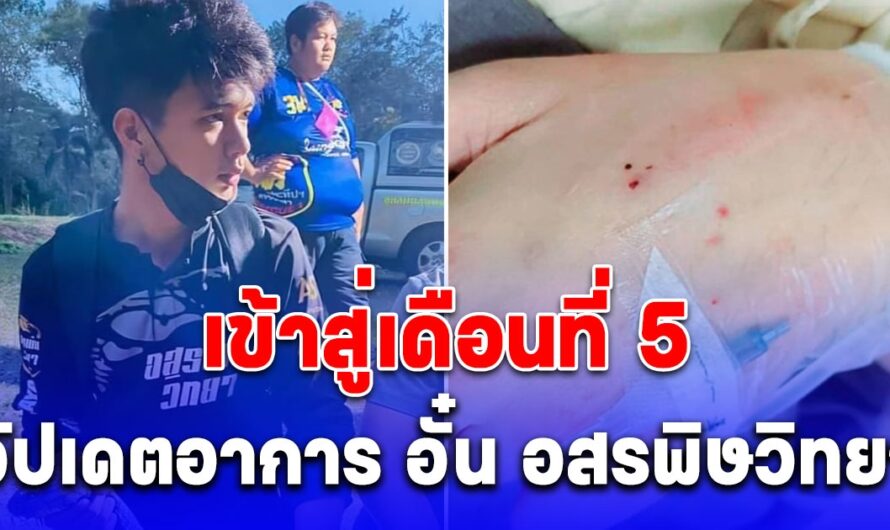 เข้าสู่เดือนที่ 5 อัปเดตอาการ อั๋น อสรพิษวิทยา หลังถูกงูจงอางกัด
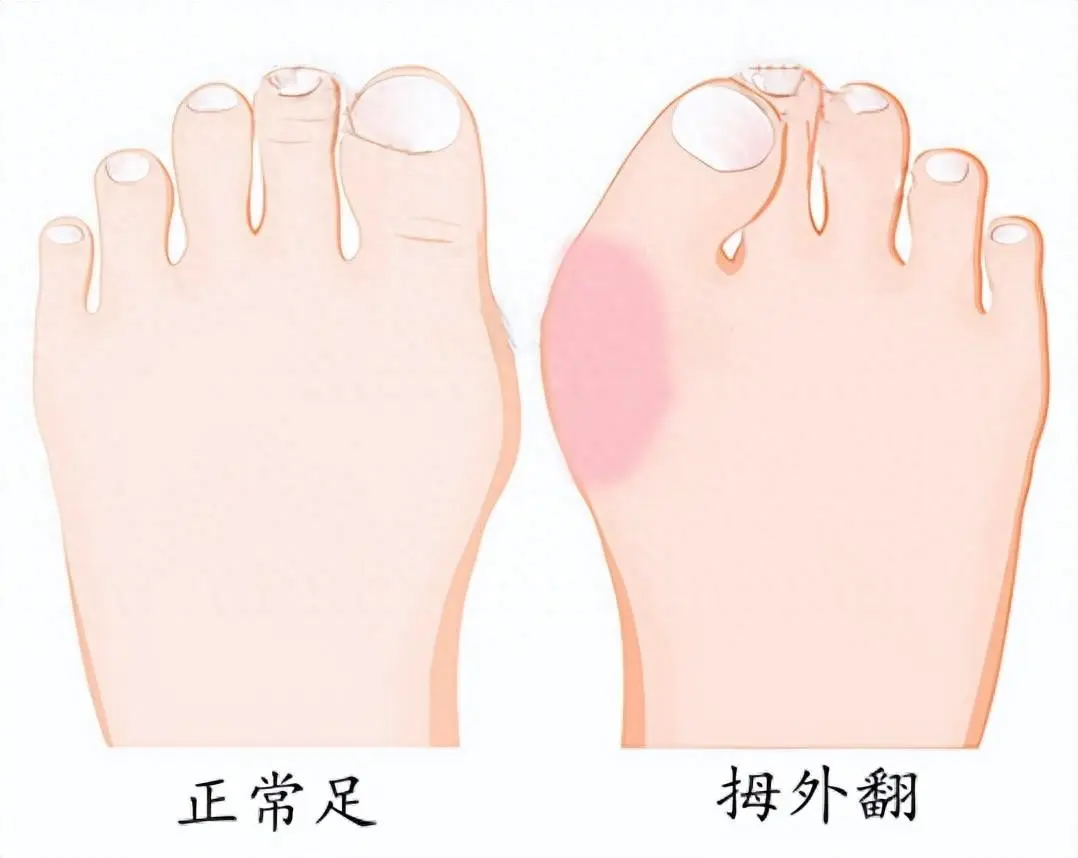 再谈拇外翻的保守治疗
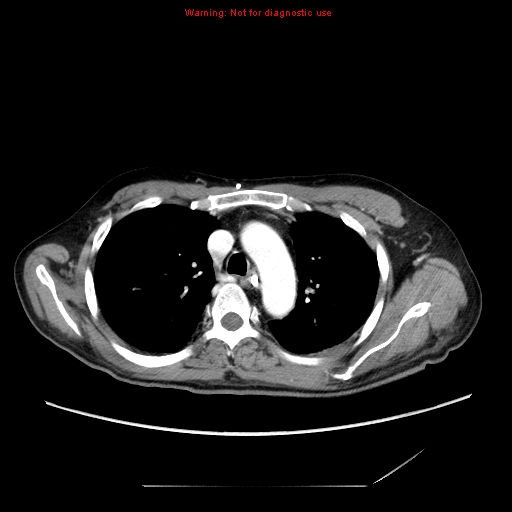 File:Aberrant right subclavian artery (Radiopaedia 9379-10071 Axial C+ arterial phase 21).jpg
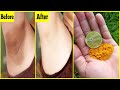 Whiten Dark Underarms Instantly Permanently | 100% Works At Home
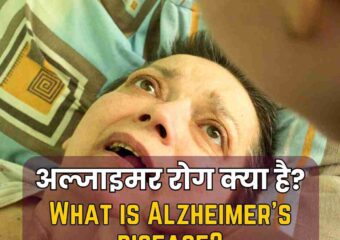 अल्ज़ाइमर रोग (Alzheimer’s Disease) क्या है? – मंथन हॉस्पिटल प्रयागराज
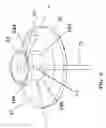 Fig. 07 - Watercraft recovery device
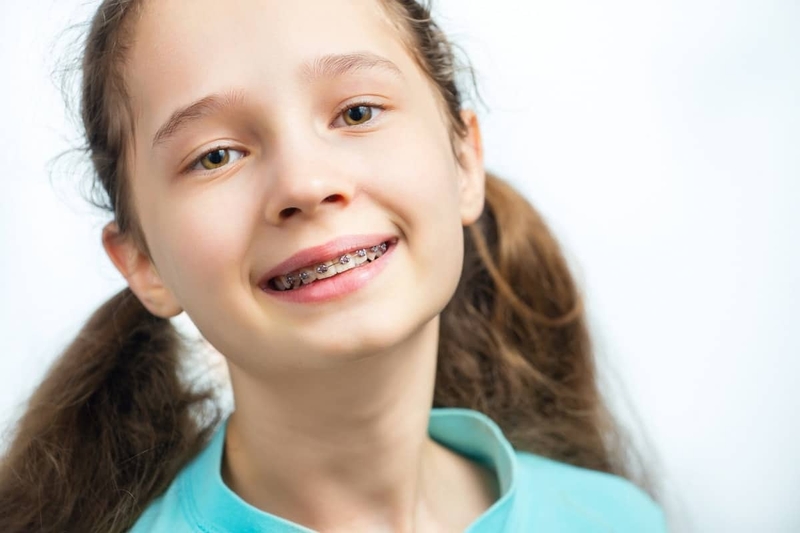 Giai đoạn vàng để niềng răng cho trẻ là khi nào? - 4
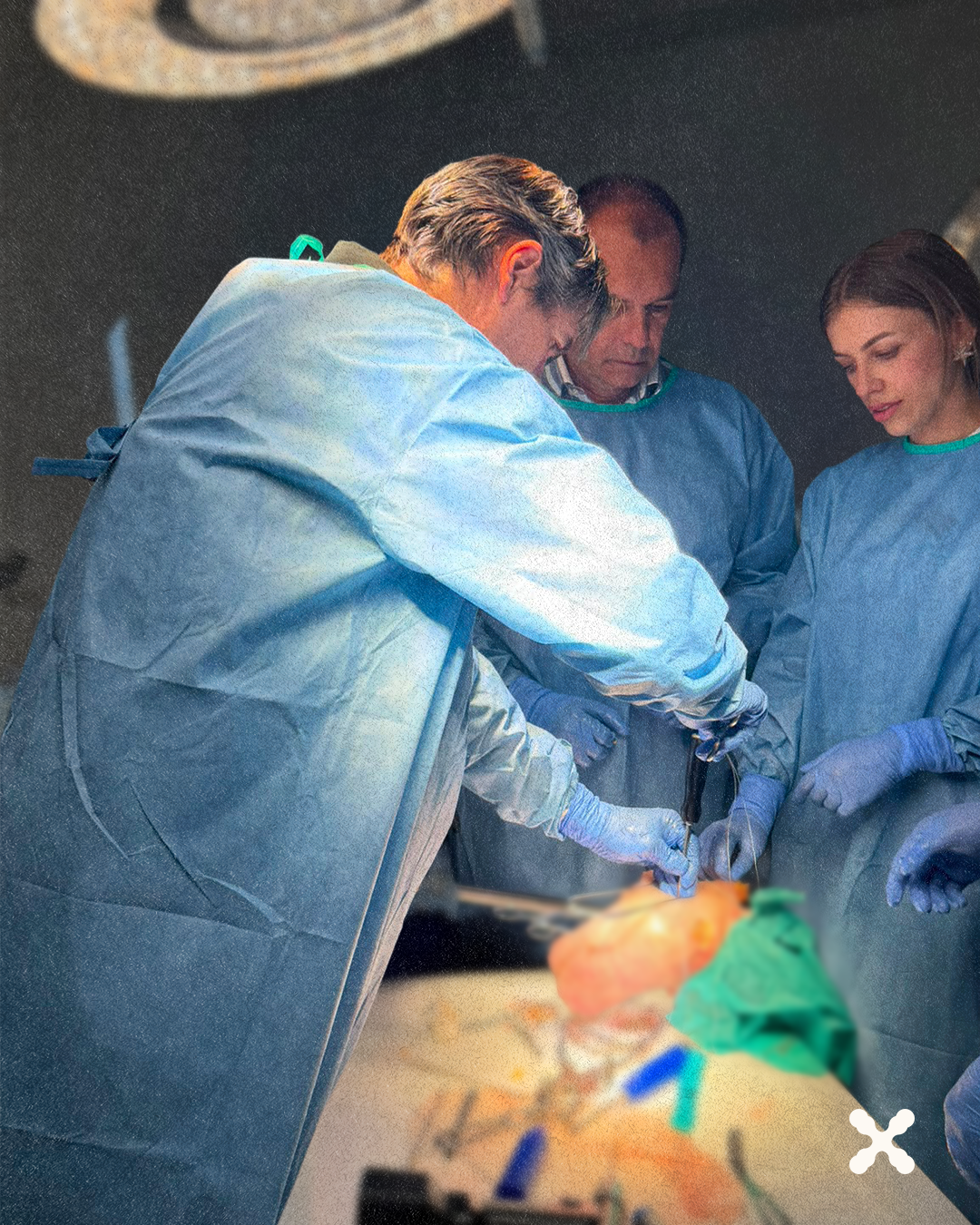 Surgeons in blue gowns and gloves perform a surgical procedure around a patient on the operating table in a sterile environment.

Exercise goal:
The response must restate exactly the lines from the one containing "Giai đoạn vàng" through the end of the records above and must leave out all pictures.

Solution:
 Giai đoạn vàng để niềng răng cho trẻ là khi nào? - 4
 Surgeons in blue gowns and gloves perform a surgical procedure around a patient on the operating table in a sterile environment.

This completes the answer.